Variance is the square of the standard deviation. Furthermore, sample variance divides the sum of squared deviations by n-1 (Bessel correction) to produce an unbiased estimate. Additionally, population variance divides by N. The choice between sample and population affects both variance and standard deviation values.
| Measure | Formula | Use case |
|---|---|---|
| Range | Max - Min | Quick spread estimate |
| Variance | Sum of squared deviations / (n-1 or N) | Statistical tests, ANOVA |
| Std Deviation | Square root of variance | Most common spread measure |
| IQR | Q3 - Q1 | Robust spread, outlier detection |
| CV | (SD / Mean) x 100% | Comparing variability across datasets |
| SEM | SD / sqrt(n) | Precision of sample mean estimate |
Quartiles, IQR and Outlier Detection
Quartiles divide sorted data into four equal parts. Q1 (25th percentile) marks the point below which 25% of data falls. Furthermore, Q2 is the median (50th percentile) and Q3 is the 75th percentile. Additionally, the interquartile range (IQR) equals Q3 minus Q1 and represents the spread of the middle 50% of values.
The IQR method detects outliers by defining fences. Values below Q1 minus 1.5 times IQR or above Q3 plus 1.5 times IQR are flagged as potential outliers. Furthermore, this method is resistant to the outliers themselves, unlike methods based on the mean and standard deviation. Additionally, the calculator highlights outliers in red in the sorted data display.
Skewness and Kurtosis
Skewness measures the asymmetry of a distribution. Positive skewness means the right tail is longer. Furthermore, negative skewness indicates a longer left tail. Additionally, values between -0.5 and 0.5 indicate approximate symmetry, while values beyond 1 or below -1 indicate significant skewness.
Kurtosis measures the heaviness of distribution tails. Excess kurtosis above zero indicates heavier tails than a normal distribution. Furthermore, a distribution with high kurtosis has more extreme values. Additionally, this calculator reports excess kurtosis, where zero corresponds to a normal distribution.
Sample vs Population Statistics
Choose population when your data includes every member of the group you are studying. Furthermore, choose sample when your data is a subset of a larger population. Additionally, the key difference is the denominator in the variance formula: population divides by N while sample divides by N minus 1.
Bessel correction (dividing by n-1 for samples) produces an unbiased estimate of the population variance. Furthermore, without this correction, sample variance systematically underestimates the true population variance. Additionally, for large samples (n greater than 30), the difference between n and n-1 becomes negligible.

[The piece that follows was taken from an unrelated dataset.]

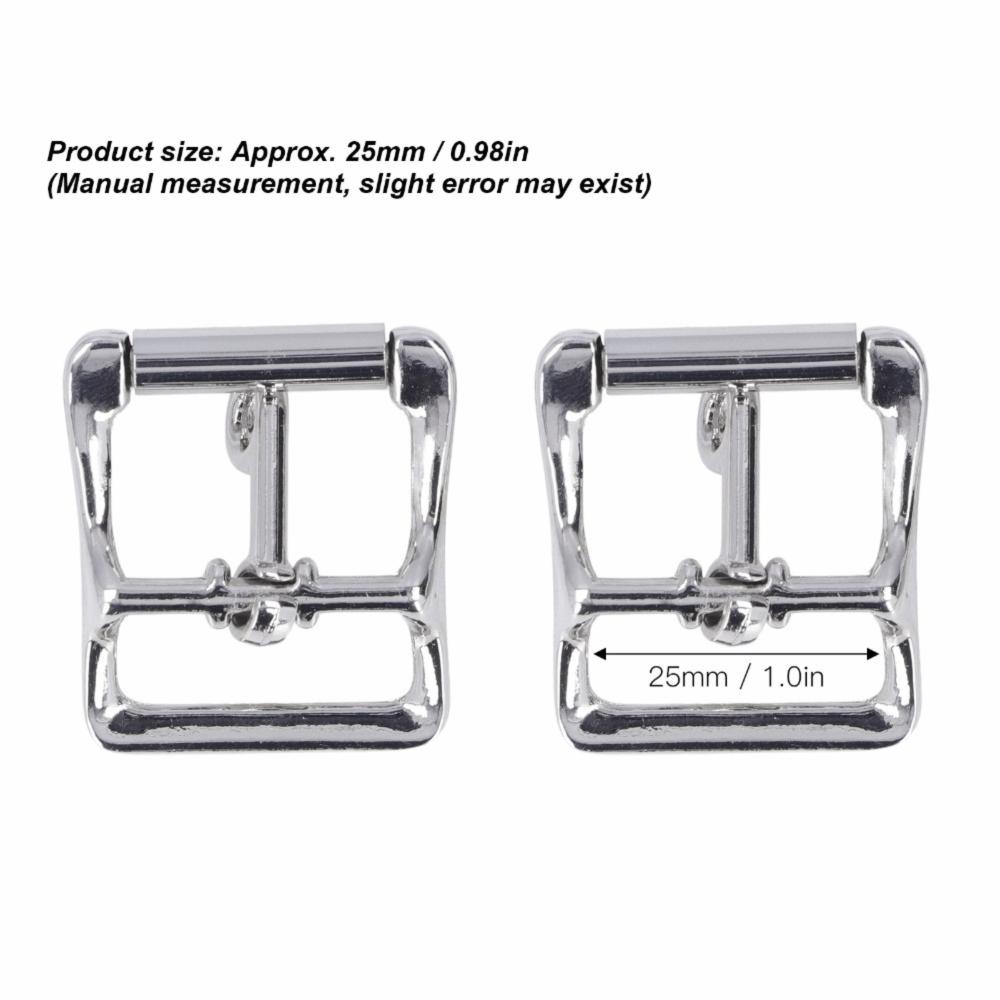 5pcs Square Center Bar Metal Replacement Buckle Single Prong Buckle Leather Craft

Statistics in Different Fields
Education professionals use descriptive statistics to analyse test scores, grade distributions and student performance trends. Furthermore, the mean and standard deviation help identify whether a class is performing consistently or showing high variability. Additionally, outlier detection reveals students who may need additional support or advanced challenges.
Business analysts use these measures for sales analysis, quality control and financial reporting. Furthermore, the coefficient of variation allows comparison of variability across products with different price ranges. Additionally, skewness in revenue data reveals whether a few large transactions dominate total revenue.
How to Interpret Your Results
Start with the mean and median. If they are close, the data is roughly symmetric. Furthermore, if the mean exceeds the median, the data is likely right-skewed by high values. Additionally, if the mean is below the median, left skew from low values is pulling the average down.
Next, examine the standard deviation relative to the mean. A CV below 15% indicates low variability. Furthermore, a CV between 15% and 30% shows moderate variability, and above 30% indicates high variability. Additionally, always check for outliers before drawing conclusions, as they can distort both the mean and standard deviation significantly.